NOTE: By default, the Istio deployment namespace in OpenNESS is set to the default Kubernetes namespace where all the ingress traffic to the cluster is blocked by the default network policy block-all-ingress. At the time of writing this document, the Kubernetes NetworkPolicy does not support specifying port ranges that are needed by the BookInfo sample application. Therefore, as a workaround, the user should remove the network policy of the default namespace.

kubectl delete netpol block-all-ingress

NOTE: A known issue when deploying the BookInfo sample application with CentOS 7.6 is that the deployment pods may end up being not successful, i.e. reviews pods (all the three versions) get stuck in CrashLoopBack state. Create a patch file bookinfo-patch.yaml with the following contents:

spec:
  template:
    spec:
      containers:
      - name: reviews
        env:
        - name: WLP_OUTPUT_DIR
          value: /opt/output

Apply the patch to the three deployments: reviews-v1, reviews-v2 and reviews-v3, through the commands:

$ patch deployment reviews-v1 --patch "$(cat bookinfo-patch.yaml)"
$ patch deployment reviews-v2 --patch "$(cat bookinfo-patch.yaml)"
$ patch deployment reviews-v3 --patch "$(cat bookinfo-patch.yaml)"

External Access

Accessing a service endpoint in the mesh from outside the cluster is achieved by deploying the Ingress Gateway. The following Gateway specs are extracted from the sample BookInfo Gateway to demonstrate the concept of Ingress Gateway:

apiVersion: networking.istio.io/v1alpha3
kind: Gateway
metadata:
  name: bookinfo-gateway
spec:
  selector:
    istio: ingressgateway
  servers:
  - port:
      number: 80
      name: http
      protocol: HTTP
    hosts:
    - "*"
---
apiVersion: networking.istio.io/v1alpha3
kind: VirtualService
metadata:
  name: bookinfo
spec:
  hosts:
  - "*"
  gateways:
  - bookinfo-gateway
  http:
  - match:
    - uri:
        exact: /productpage
    - uri:
        prefix: /static
    - uri:
        exact: /login
    - uri:
        exact: /logout
    - uri:
        prefix: /api/v1/products
    route:
    - destination:
        host: productpage
        port:
          number: 9080

Now, the BookInfo web dashboard is accessible by any web browser at the address http://<CONTROLLER_IP>:<GATEWAY_PORT>/productpage. The <GATEWAY_PORT> is assigned dynamically and can be retrieved using the following command:

$ kubectl -n istio-system get service istio-ingressgateway -o jsonpath='{.spec.ports[?(@.name=="http2")].nodePort}'

Book Info Application Main Page

Figure - BookInfo Application Main Page

Load Balancing

Istio provides load balancing functionality to spread access to multiple service instances (different versions or replicas of the same version). There are two types of load balancers:

  • simple, which consists of the following variants: RANDOM, ROUND_ROBIN, and LEAST_CONN, or
  • consistentHash, while the simple constantly changes the reachable service instance according to a chosen algorithm, the consistentHash allows users to keep accessing the same service based on the consumer IP address or a magic keyword in the request header.

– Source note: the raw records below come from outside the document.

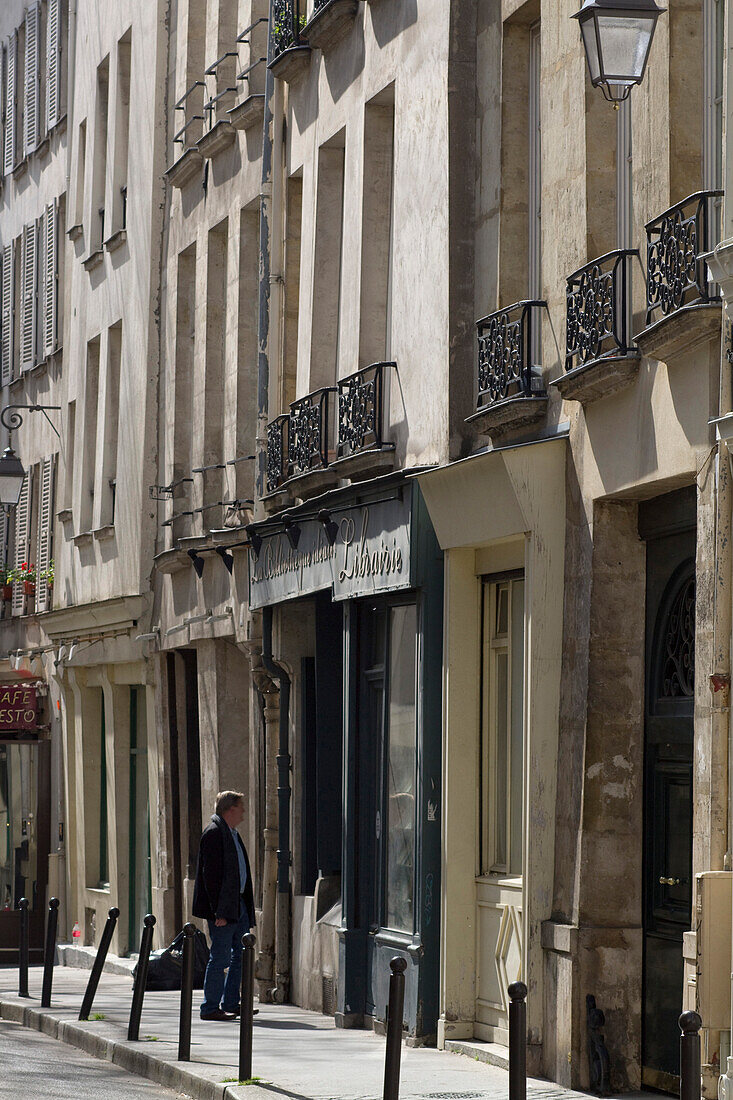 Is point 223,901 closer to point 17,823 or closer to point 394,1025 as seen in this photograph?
point 394,1025

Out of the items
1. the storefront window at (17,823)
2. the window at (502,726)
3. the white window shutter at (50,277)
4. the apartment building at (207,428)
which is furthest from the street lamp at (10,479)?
the window at (502,726)

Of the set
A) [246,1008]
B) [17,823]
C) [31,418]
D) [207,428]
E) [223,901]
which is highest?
[31,418]

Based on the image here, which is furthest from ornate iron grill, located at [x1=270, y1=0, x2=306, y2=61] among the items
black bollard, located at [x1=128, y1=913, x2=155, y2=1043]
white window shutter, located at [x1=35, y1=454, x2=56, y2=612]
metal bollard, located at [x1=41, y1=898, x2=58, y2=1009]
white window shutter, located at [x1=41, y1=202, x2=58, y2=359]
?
white window shutter, located at [x1=35, y1=454, x2=56, y2=612]

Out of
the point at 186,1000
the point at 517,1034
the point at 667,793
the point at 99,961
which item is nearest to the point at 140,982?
the point at 186,1000

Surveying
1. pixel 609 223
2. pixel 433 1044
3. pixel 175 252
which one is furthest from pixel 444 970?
pixel 175 252

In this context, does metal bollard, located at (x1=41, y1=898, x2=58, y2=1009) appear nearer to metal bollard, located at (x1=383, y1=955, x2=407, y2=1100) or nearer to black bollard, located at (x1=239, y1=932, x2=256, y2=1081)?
black bollard, located at (x1=239, y1=932, x2=256, y2=1081)

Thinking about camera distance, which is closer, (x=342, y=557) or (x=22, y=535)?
(x=342, y=557)

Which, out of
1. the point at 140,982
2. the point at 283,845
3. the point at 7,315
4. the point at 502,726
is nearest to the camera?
the point at 502,726

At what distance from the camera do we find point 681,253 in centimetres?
957

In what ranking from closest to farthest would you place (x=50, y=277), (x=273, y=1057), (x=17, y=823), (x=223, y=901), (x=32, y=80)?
(x=273, y=1057) → (x=223, y=901) → (x=17, y=823) → (x=50, y=277) → (x=32, y=80)

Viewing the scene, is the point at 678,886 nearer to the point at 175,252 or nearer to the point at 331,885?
the point at 331,885

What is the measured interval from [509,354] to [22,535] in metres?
18.5

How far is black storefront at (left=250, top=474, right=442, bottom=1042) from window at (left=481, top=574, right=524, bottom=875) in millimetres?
358

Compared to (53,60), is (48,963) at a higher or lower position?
lower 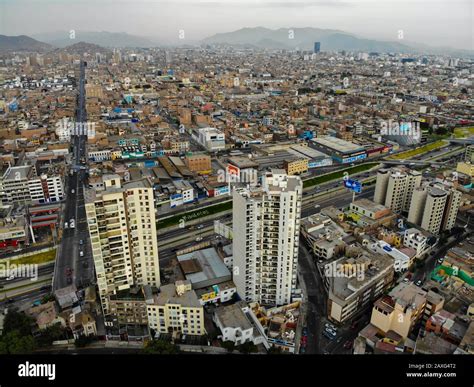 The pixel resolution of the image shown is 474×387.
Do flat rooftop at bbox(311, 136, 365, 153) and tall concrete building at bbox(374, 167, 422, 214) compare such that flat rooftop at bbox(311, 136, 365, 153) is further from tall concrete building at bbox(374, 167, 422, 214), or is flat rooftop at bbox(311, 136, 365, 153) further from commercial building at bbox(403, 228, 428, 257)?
commercial building at bbox(403, 228, 428, 257)

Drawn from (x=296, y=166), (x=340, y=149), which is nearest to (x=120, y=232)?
(x=296, y=166)

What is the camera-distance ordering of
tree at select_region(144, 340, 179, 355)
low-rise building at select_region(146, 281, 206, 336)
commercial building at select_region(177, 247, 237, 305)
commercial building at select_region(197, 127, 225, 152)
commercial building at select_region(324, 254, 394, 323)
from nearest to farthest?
tree at select_region(144, 340, 179, 355) → low-rise building at select_region(146, 281, 206, 336) → commercial building at select_region(324, 254, 394, 323) → commercial building at select_region(177, 247, 237, 305) → commercial building at select_region(197, 127, 225, 152)

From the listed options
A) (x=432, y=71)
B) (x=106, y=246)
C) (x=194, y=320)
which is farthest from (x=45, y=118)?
(x=432, y=71)

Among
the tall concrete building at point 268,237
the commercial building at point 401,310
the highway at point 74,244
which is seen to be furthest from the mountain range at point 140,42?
the highway at point 74,244

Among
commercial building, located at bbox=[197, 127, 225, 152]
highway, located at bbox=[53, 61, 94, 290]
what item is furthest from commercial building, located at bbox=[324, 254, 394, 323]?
commercial building, located at bbox=[197, 127, 225, 152]

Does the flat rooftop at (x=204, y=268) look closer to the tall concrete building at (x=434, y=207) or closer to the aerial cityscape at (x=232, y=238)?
the aerial cityscape at (x=232, y=238)

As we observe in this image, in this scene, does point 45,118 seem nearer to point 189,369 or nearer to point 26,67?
point 26,67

Round-robin load-balancer:

apiVersion: networking.istio.io/v1alpha3
kind: DestinationRule
metadata:
  name: bookinfo-load-balancer
spec:
  host: reviews
  trafficPolicy:
    loadBalancer:
      simple: ROUND_ROBIN

Random load-balancer:

apiVersion: networking.istio.io/v1alpha3
kind: DestinationRule
metadata:
  name: bookinfo-load-balancer
spec:
  host: reviews
  trafficPolicy:
    loadBalancer:
      simple: RANDOM

Load-balancer based on service consumer IP address:

apiVersion: networking.istio.io/v1alpha3
kind: DestinationRule
metadata:
  name: bookinfo-load-balancer
spec:
  host: reviews
  trafficPolicy:
    loadBalancer:
      consistentHash:
        useSourceIp: true

Canary Deployment

Canary deployment is a technique to reduce the risk of introducing a new service version in production by gradually routing a percentage of the traffic to the new service instance before rolling it out to the entire service mesh and making it available to full consumption. This can be done with TrafficSplit structure according to the following example. The traffic is routed with a ratio of 5:1 between reviews-v1 and reviews-v2 back-end services:

apiVersion: split.smi-spec.io/v1alpha2
kind: TrafficSplit
metadata:
  name: reviews-rollout
spec:
  service: reviews
  backends:
  - service: reviews-v1
    weight: 5
  - service: reviews-v2
    weight: 1

Canary Deployment with TrafficSplit

Figure - Canary Deployment with TrafficSplit

Fault Injection

Fault injection, in the context of Istio, is a mechanism by which failures can be purposefully injected into the service mesh to mimic how an application would behave in case failures or degradations are encountered. Application developers and cluster administrators can programmatically inject faults at the application layer instead of killing pods, delaying packets, or corrupting packets at the TCP layer. Istio provisions various APIs to perform fault injections such as delays, aborts, and circuit breakers to the application micro-services deployed in the OpenNESS cluster and to verify their resiliency.

Delays

Delays are timing failures such as network latency or overloaded upstreams. A sample rule for traffic delaying coming from the test user <username> can be injected by applying the following specification:

apiVersion: networking.istio.io/v1beta1
kind: <service-name>
...
spec:
  hosts:
  - ratings
  http:
  - fault:
      delay:
        fixedDelay: 7s
        percentage:
          value: 100
    match:
    - headers:
        end-user:
          exact: jason
    route:
    - destination:
        host: ratings
        subset: v1

Aborts

Aborts are crash failures such as HTTP error codes or TCP connection failures. Creating a fault injection rule for an HTTP abort is done by applying the following specification:

apiVersion: networking.istio.io/v1beta1
kind: <service-name>
...
spec:
  hosts:
  - ratings
  http:
  - fault:
      abort:
        httpStatus: 500
        percentage:
          value: 100
    match:
    - headers:
        end-user:
          exact: jason
    route:
    - destination:
        host: ratings
        subset: v1
  - route:
    - destination:
        host: ratings
        subset: v1

Circuit Breaker

A simple circuit breaker can be set based on criteria for several failed connections or request limits. Creating a circuit breaker rule to limit the number of connections to a service is done by applying the following specification:

destination: reviews.default.svc.cluster.local
tags:
  version: v1
circuitBreaker:
  simpleCb:
    maxConnections: 100

Prometheus, Grafana & Kiali integration

Prometheus* and Grafana* are deployed in OpenNESS platform as part of the Telemetry support in OpenNESS and are integrated with the Istio service mesh. When enabled in OpenNESS, Istio’s scraping endpoints are added to the Prometheus configuration file according to the Prometheus configuration guide.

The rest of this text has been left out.